April 22, 2015 10:53 am
Gratitude is: Lilies on my kitchen table, my puppy playing in the green grass, and the warm cup of coffee in my hand.
Today is Earth Day. It is also my mom’s and one of my closest friend’s birthday! I am grateful to be able to remember them and to be a kind, loving daughter and friend.
What are you grateful for this morning?
April 15, 2015 12:04 pm
Can you remember the first tasks you completed in very early sobriety?
Mine was collating papers…. Today in my recovery that does not seem like such a huge task, but in early sobriety it was monumental! I literally had not completed anything productive for what seemed like years – including my Doctoral Dissertation!
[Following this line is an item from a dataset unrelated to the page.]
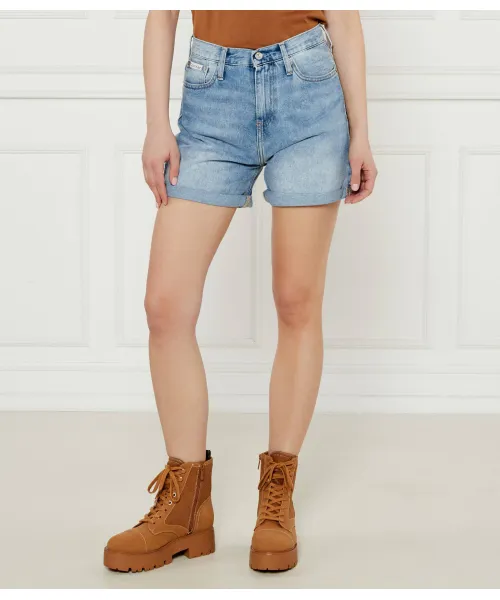 

Джинсовые шорты Mom fit Calvin Klein Jeans, синий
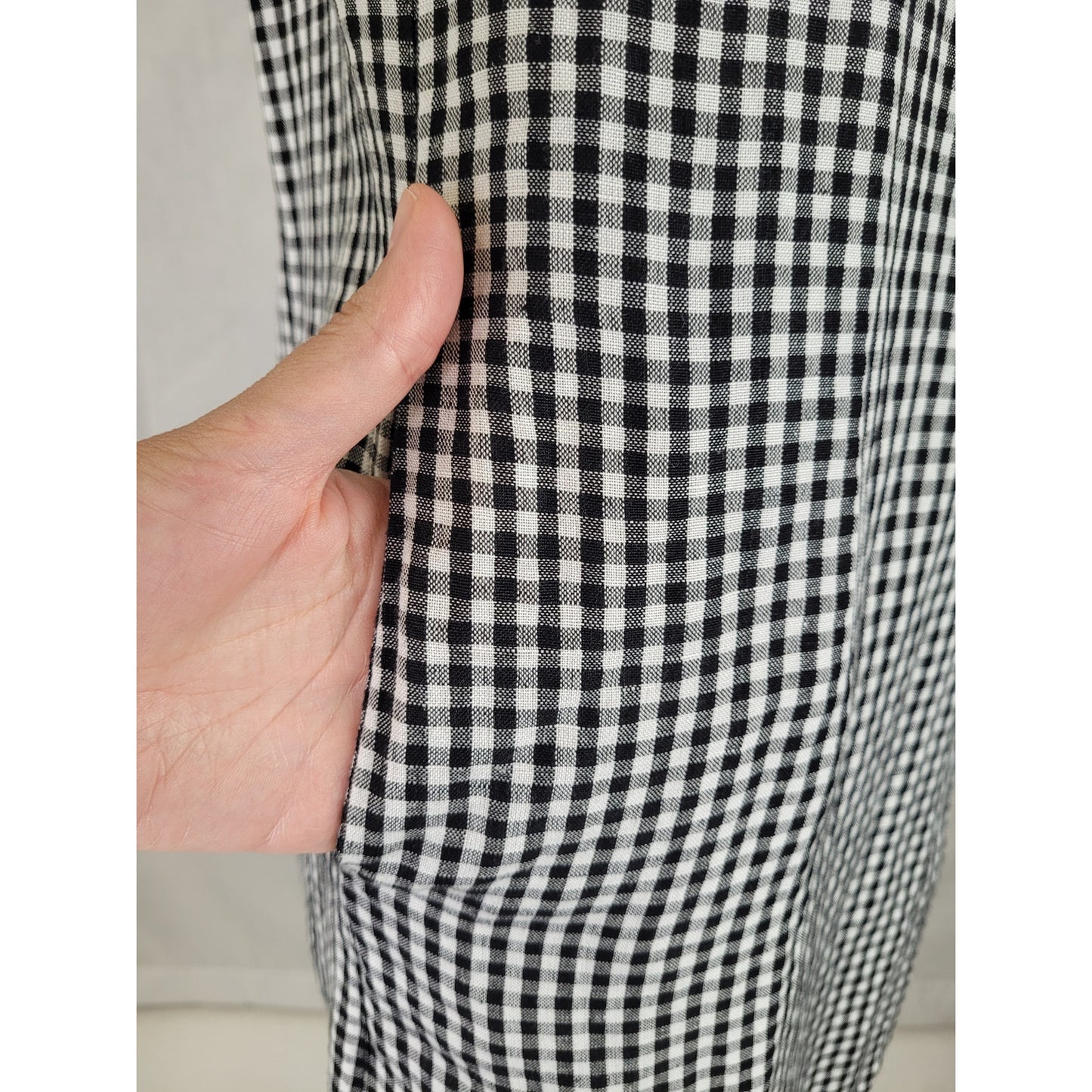 Tommy Bahama Gingham Of-The-Shoulder Ruffle Dress Black & White Linen Blend Sz S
I was fortunate enough to be of service at the Monterey County Central Office. It was there that I collated, stapled, folded, labeled, and stamped hundreds possibly THOUSANDS of newsletters. At the time I did not realize that this was one of the first steps to helping me feel like I could accomplish something, thus helping to increase my self-esteem.
Through the years I have accomplished many projects, but my mind always remembers those stacks of papers waiting to be collated.
April 1, 2015 1:40 pm
Anonymity by Merrian-Webster definition is the quality or state of being unknown to most people: the quality or state of being anonymous.
Can you remember sitting in your early meetings hoping, praying that you would not be given the 12-Traditions reading where you might have to read the word A-N-O-N-Y-M-I-T-Y? I sure do! Heck, I can’t even spell it without spell check and even then, I sometimes get it wrong!
It was 12 years ago this week that I attended my first meeting at Beacon HouseSM. It was my second meeting that day. The only thing I could think of was “please don’t call on me to speak” and “I wonder how I get a job at this place”.
I was not called on to speak and as far as the job went – I was told to stop shaking, go to meetings, get a sponsor, work the steps and to come back in a year and THEN ask for a job.
That is what I did! I got the job – weekend Relief Staff which meant hanging with residents and making binders! Looking back, I believe that was one of the best jobs I have ever had.
This will be an anonymous blog of my experience, strength, and hope before and throughout recovery, working “Inside The Light” of Beacon HouseSM, and of the life that has emerged as a direct result of following suggestions, and by grace.